Reproduce the data below in full and exclude every picture.

= Input data =
==============================

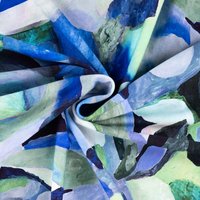 Maille jersey viscose lourde imprimée digitale grande fleur aquarellee bleu - Mondial Tissus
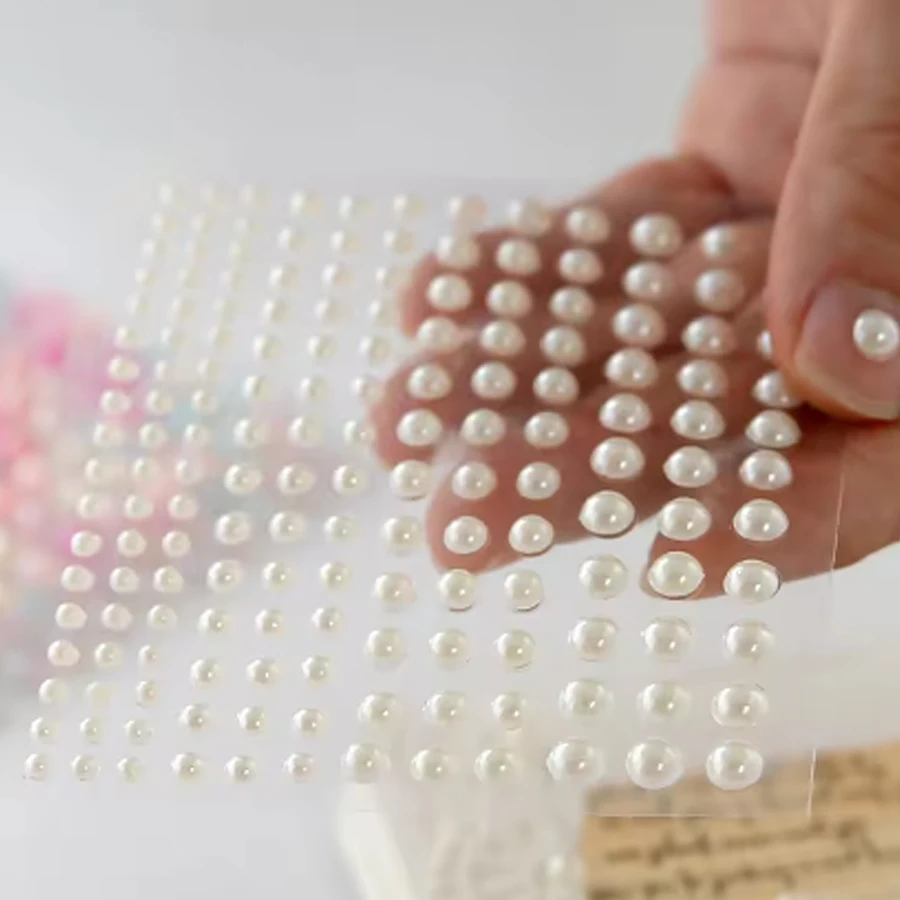 165 Semi-Circular Plastic Pearl Decorative Stickers, Paper Greeting Card Decoration Stickers, DIY Craft Scrapbooking, Suitable for Performance Costumes, Makeup, Nail Art, Phone Decoration, Etc., Surprise Gifts, Diary Scrapbooking, Photo Album Stationery Tape, Diary Scrapbooking Materials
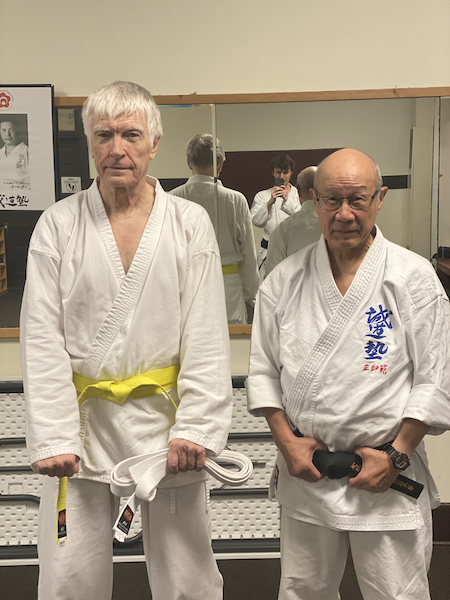 A self-portrait with Thomas Tanaka, my karate mentor, in October 2022
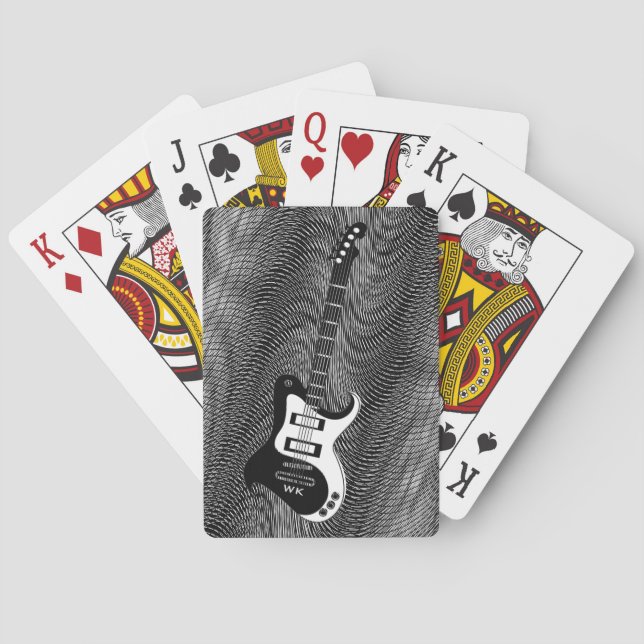 Black & White Electric Guitar trippy retro Pop Art Poker Cards (Back)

==============================

= Response box =
 Maille jersey viscose lourde imprimée digitale grande fleur aquarellee bleu - Mondial Tissus
 165 Semi-Circular Plastic Pearl Decorative Stickers, Paper Greeting Card Decoration Stickers, DIY Craft Scrapbooking, Suitable for Performance Costumes, Makeup, Nail Art, Phone Decoration, Etc., Surprise Gifts, Diary Scrapbooking, Photo Album Stationery Tape, Diary Scrapbooking Materials
 A self-portrait with Thomas Tanaka, my karate mentor, in October 2022
 Black & White Electric Guitar trippy retro Pop Art Poker Cards (Back)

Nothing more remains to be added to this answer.